14. Place of Fulfilment/履行地点
除非在采购订单中双方另有规定,履行地应为买方的营业地。
If not otherwise agreed in the Purchase Order, place of fulfillment shall be Buyer's place of business.
15. Place of Jurisdiction/Arbitration/管辖、仲裁地
15.1若卖方主要营业地址在中华人民共和国境内:
凡因本订单引起的或与本订单有关的任何争议,双方应通过友好协商解决。如果协商不能解决,应提交杭州仲裁委员会在杭州进行仲裁。仲裁裁决是终局的,对双方都有约束力。仲裁费用由败诉方承担。

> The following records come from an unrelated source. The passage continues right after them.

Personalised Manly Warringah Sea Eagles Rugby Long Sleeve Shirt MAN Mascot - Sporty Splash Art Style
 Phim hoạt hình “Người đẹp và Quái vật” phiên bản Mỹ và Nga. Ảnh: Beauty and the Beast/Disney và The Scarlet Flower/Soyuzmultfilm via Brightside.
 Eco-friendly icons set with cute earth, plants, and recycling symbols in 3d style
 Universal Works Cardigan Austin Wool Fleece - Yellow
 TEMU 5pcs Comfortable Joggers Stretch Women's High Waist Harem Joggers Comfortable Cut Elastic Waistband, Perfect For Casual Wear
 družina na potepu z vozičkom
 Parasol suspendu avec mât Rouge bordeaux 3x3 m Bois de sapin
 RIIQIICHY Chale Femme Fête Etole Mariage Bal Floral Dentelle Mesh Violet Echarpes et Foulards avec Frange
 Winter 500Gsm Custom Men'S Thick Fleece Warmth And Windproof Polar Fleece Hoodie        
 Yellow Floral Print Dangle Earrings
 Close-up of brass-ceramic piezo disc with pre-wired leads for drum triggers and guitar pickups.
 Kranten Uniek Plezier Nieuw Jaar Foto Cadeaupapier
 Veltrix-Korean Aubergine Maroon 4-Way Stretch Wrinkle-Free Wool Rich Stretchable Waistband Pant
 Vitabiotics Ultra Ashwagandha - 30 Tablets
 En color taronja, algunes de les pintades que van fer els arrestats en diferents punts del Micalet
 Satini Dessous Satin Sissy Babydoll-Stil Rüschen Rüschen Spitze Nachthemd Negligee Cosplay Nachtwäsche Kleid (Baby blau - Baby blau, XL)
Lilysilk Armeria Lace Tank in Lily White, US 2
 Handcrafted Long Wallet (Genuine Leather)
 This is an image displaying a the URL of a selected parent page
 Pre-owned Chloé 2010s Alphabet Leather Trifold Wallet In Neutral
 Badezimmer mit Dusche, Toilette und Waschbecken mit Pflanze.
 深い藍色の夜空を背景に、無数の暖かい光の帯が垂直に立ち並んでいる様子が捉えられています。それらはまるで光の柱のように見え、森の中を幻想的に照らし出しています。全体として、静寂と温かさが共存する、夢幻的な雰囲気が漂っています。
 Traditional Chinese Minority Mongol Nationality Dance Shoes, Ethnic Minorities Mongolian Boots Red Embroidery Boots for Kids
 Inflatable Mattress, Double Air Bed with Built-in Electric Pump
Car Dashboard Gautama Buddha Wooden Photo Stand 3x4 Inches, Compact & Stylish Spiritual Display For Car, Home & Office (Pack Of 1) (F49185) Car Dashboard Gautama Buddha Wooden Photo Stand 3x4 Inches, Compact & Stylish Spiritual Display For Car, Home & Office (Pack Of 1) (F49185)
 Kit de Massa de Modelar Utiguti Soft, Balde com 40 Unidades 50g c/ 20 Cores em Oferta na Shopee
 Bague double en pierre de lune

For Vendors having their main place of business in People‟s Republic of China:
Any dispute arising from or in connection with this purchase order, shall be settled amicably through friendly negotiation. In case no settlement can be reached through negotiation, the case shall then be submitted for arbitration to Hangzhou arbitration commission with venue in Hangzhou. The arbitral award is final and binding upon both parties. Arbitration fee shall be borne by the losing party.
15.2 若卖方主要营业地址在其他国家或地区:
凡因本订单引起的或与本订单有关的任何争议,双方应通过友好协商解决。如果协商不能解决,则任何一方可以将争议提交给中国国际经济贸易仲裁委员会根据该会有效的仲裁规则,由指定的3名仲裁员最终裁决。仲裁地为杭州,仲裁语言为中文。诉讼裁决是终局的,对双方都有约束力。诉讼费用由败诉方承担。 For Vendors having their main place of business in other Countries or Areas:
Any dispute arising from or in connection with this purchase order, shall be settled amicably through friendly negotiation. In case no settlement can be reached through negotiation, either Party may submit the dispute to China International Economic and Trade Arbitration Commission for final arbitration according to its effective rules by three arbitrators appointed in accordance with said Rules. Venue of Arbitration shall be Hangzhou, China. Language shall be Chinese. The arbitral award is final and binding upon both parties. Arbitration fee shall be borne by the losing party.